To Johnson, the stability of the cars counterbalances the speeds they are running.
"It's been quite a rush for the drivers," said the five-time champion. "To be on the track and to go this fast and to run an average lap time of over 200 mph -- you certainly feel the speed, and the comfort is there . . .
"I don't have any concerns about the speeds. Granted, I haven't seen one hit the wall yet to see how the car reacts with the SAFER barrier at this pace, (but) at least the balance that we have under our racecar right now has been very comfortable to drive."
Speeds didn't taper off Thursday afternoon.

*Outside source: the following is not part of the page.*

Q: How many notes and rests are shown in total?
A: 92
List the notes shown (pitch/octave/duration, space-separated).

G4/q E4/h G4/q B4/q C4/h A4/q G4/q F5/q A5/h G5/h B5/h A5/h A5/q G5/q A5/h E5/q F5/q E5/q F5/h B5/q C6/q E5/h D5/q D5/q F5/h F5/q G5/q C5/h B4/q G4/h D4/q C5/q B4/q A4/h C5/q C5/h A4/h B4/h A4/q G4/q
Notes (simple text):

Tony Stewart paced the session at 201.896 mph, followed by Biffle (201.556 mph) and Kurt Busch (201.174 mph), back from a 10-day suspension that kept him out of the Pocono race.

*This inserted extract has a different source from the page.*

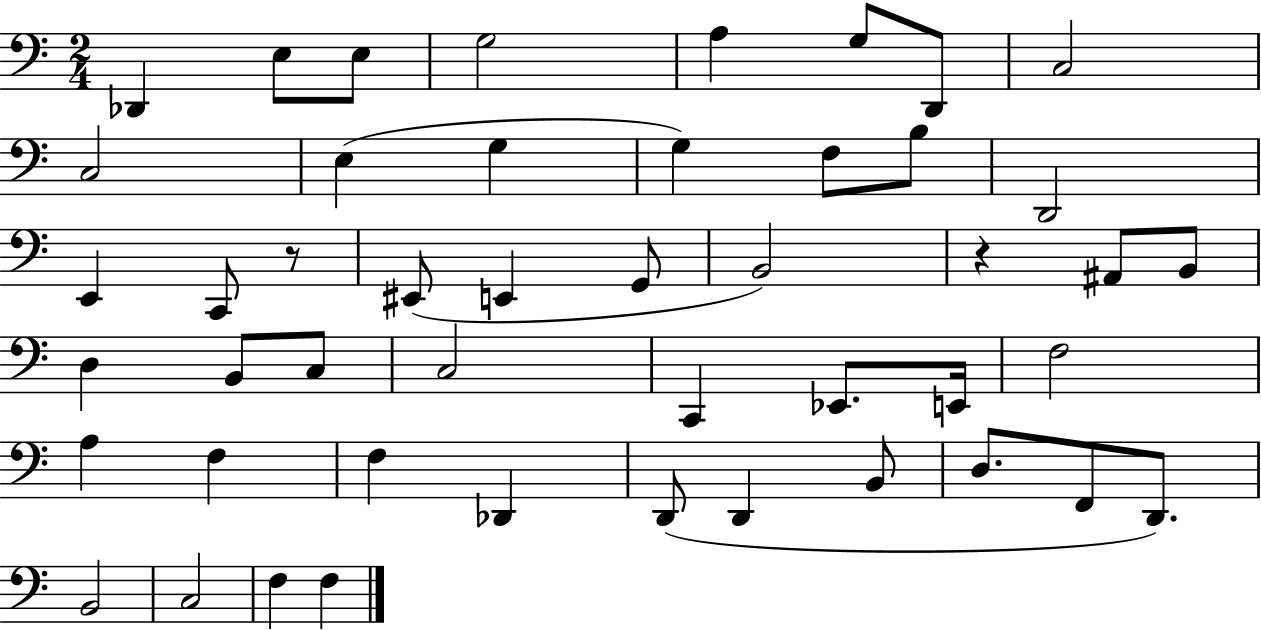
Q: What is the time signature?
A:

Dale Earnhardt Jr., whose last victory came in the June race at Michigan in 2008, was fourth fastest in the morning and fifth after lunch, posting his top speed of 200.658 mph in the afternoon.
POCONO PIT ROAD REDUX
Can 14 drivers all be wrong?
Roughly a third of the field in last Sunday's Pocono 400 presented by #NASCAR was busted for speeding on pit road. Several drivers, including Johnson, received multiple penalties. Among them, the offending drivers collected 22 speeding penalties, eight more than the previous record of 14 doled out at Kansas in 2006.
Four days removed from the infractions that cost him a chance to win the race, Johnson still believes there was a problem with the last set of timing lines on pit road.
"Myself and 13 other drivers certainly think there was something wrong with that last loop," Johnson said Thursday at Michigan. "There are a few components to it. NASCAR measures pit road different from the way the cars are able to. We do it off a mathematical equation that spits out RPM. They do it on an elapsed time between loops.
"It's tough to really blend those two worlds together and know what's what, unless there is maybe a GPS readout of a car going down pit road and what those speeds are. We don't have that. Long story short, there are questions, and there will be debate until we're able to all see it live at that moment."
Pemberton said NASCAR was satisfied with the way the system worked at Pocono but would take another look before the Sprint Cup Series returns to Pocono in August.
"We'll go back and we'll look at the equipment and things," Pemberton said. "All of our inputs were correct. The dimensions (of the pit road segments in which cars are clocked) were correct. We go out of our way to not penalize -- contrary to popular belief. We'll go back and make sure if, for some strange reason, something went wrong, but we haven't seen that.
"We looked at it all with all our backup systems during the event. We never saw any of that. But we'll go back, just like they (the teams) did, because we want to make sure that everybody's OK."